Мать остановилась, её тёмные глаза пронизывали Ксюшу, как будто видели её насквозь.

— Ты всегда боялась одиночества, Ксюша. Но ты уже одна, ты всегда была одна, — продолжала мать холодно. — Ты можешь бежать, но ты не сбежишь от своего страха.

Ксюша дрожала, всё внутри неё сопротивлялось, но страх буквально парализовал её. Слёзы стекали по её щекам.

Мать сделала ещё один шаг, её рука протянулась к Ксюше. Девушка почувствовала холодное дуновение от этого движения и сделала резкий шаг назад, но зацепилась за что-то и упала на пол. Страх захлестнул её с новой силой. Она прижалась к стене, чувствуя, что ноги больше не слушаются её.

— Это не может быть правдой… — пробормотала Ксюша, зажмурившись.

Фигура приблизилась и склонилась над ней, обдав холодом. Её лицо было в нескольких сантиметрах от лица Ксюши.

— Это не иллюзия, Ксюша, — прошептала мать. — Ты потеряешь всех.

Ксюша закрыла лицо руками, пытаясь отгородиться от этого ужаса, но в её голове снова и снова звучали слова: «Ты потеряешь всех… Ты одна».

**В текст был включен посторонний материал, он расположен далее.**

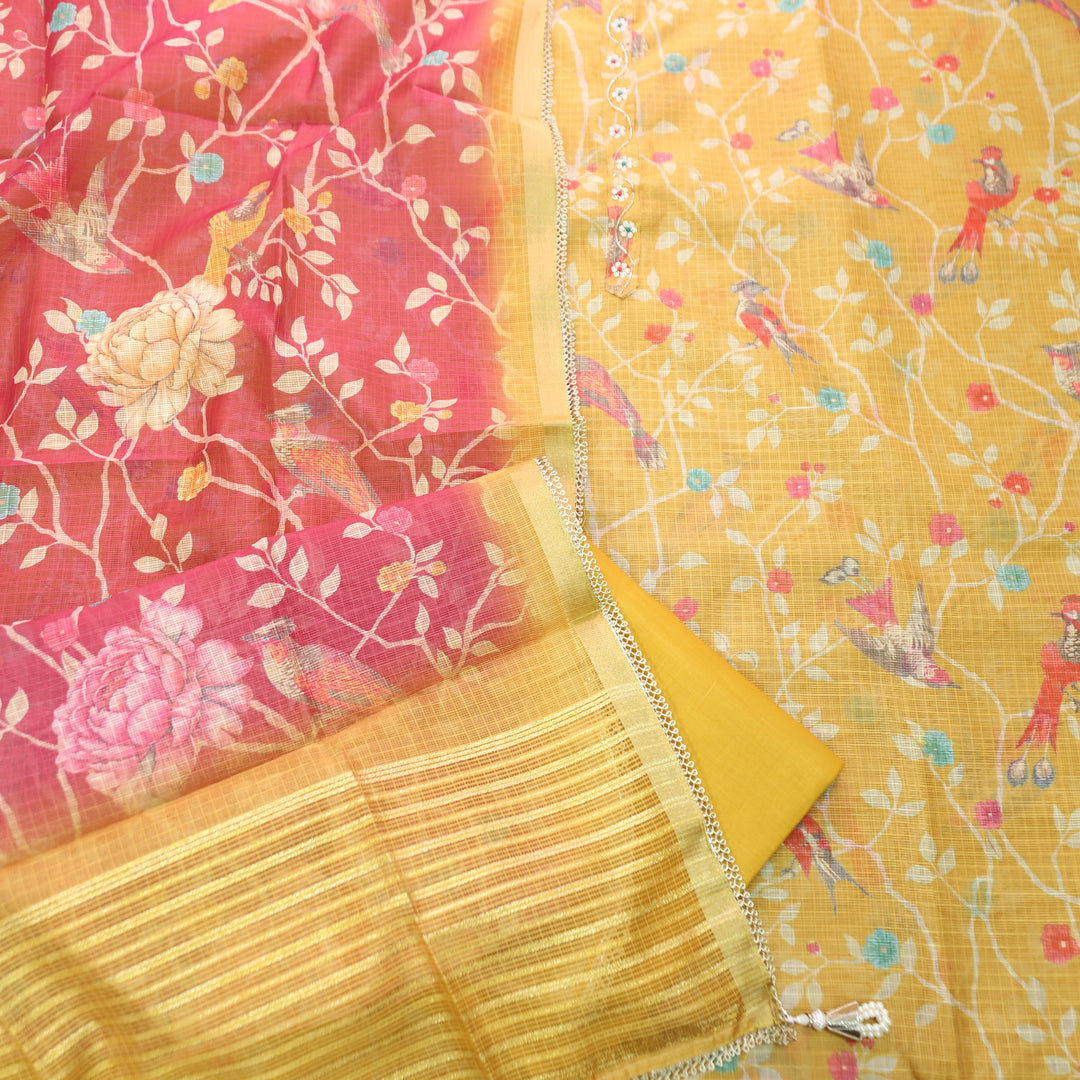 Udarri Dijon Yellow Thread Work Floral Printed Kota Doriya Set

Внезапно всё замерло. Девушка открыла глаза и увидела, что фигура словно застыла в воздухе. На секунду в комнате воцарилась полная тишина. Ксюша поняла, что если не остановит этот кошмар, то дом поглотит её навсегда.

— Это не настоящая ты, — сказала Ксюша дрожащим голосом, глядя прямо в глаза фигуре. — Ты не моя мать. Ты просто страх. Ты не сможешь меня победить!

В тот момент, когда Ксюша сказала это, фигура вдруг начала растворяться. Лицо её исказилось, тело растаяло в воздухе, словно дым, и комната снова погрузилась в тишину, а Ксюша упала на пол, абсолютно обессиленная.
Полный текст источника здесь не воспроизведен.